It is a common pattern to prefer non-semantic primary keys — auto-incremented integers or UUIDs — over semantic ones. It’s advisable to define unique indexes on the semantic identity fields, but sometimes you avoid it for performance reasons or you just forget.
When things screw up, you end up with multiple records relating to the same entity or relation. How do you clean things up?
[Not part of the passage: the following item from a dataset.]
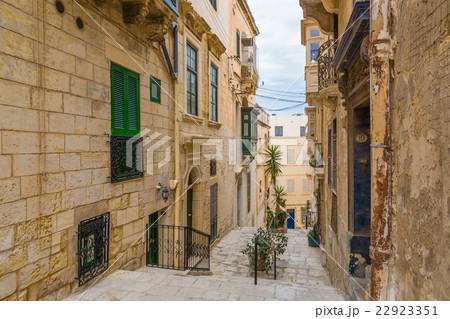 Alleys in Senglea 22923351
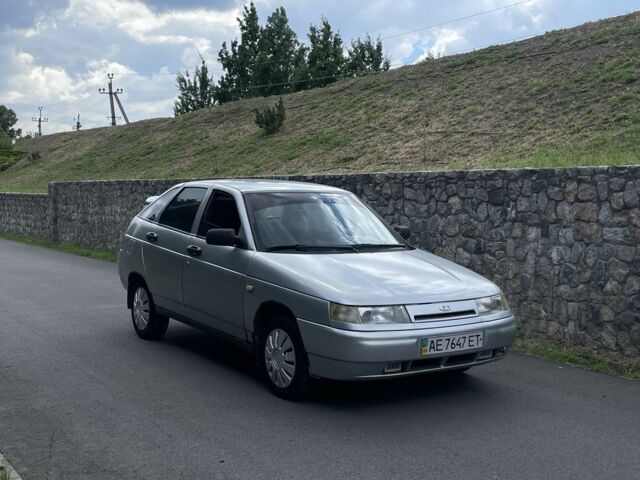 Серый ВАЗ 2112, объемом двигателя 1.6 л и пробегом 2 тыс. км за 1400 $, фото 1 на Automoto.ua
Let’s take the simple case of a many-to-many relation, implemented as a linking table:
CREATE TABLE First ( First_ID INT IDENTITY(1,1), -- more fields PRIMARY KEY (First_ID) ); CREATE TABLE Second ( Second_ID INT IDENTITY(1,1), -- more fields PRIMARY KEY (Second_ID) ); CREATE TABLE First_Second( First_Second_ID INT IDENTITY(1,1), First_ID INT FOREIGN KEY REFERENCES First, Second_ID INT FOREIGN KEY REFERENCES Second );
If we end up with duplicate First_Second records, we can get rid of them using this code:
WITH records(First_Second_ID, RecNo) AS
SELECT
First_Second_ID,
ROW_NUMBER() OVER( PARTITION BY First, Second ORDER BY First, Second) AS RecNo
FROM First_Second
DELETE FROM records WHERE RecNo > 1;
Doing the same without CTE is possible, but less clean and straightforward. It involves temporary tables, cursors or nested subqueries.
I learned this trick with Microsoft SQL Server. Postgresql, DB2, Oracle and a bunch of other databases support CTE as well.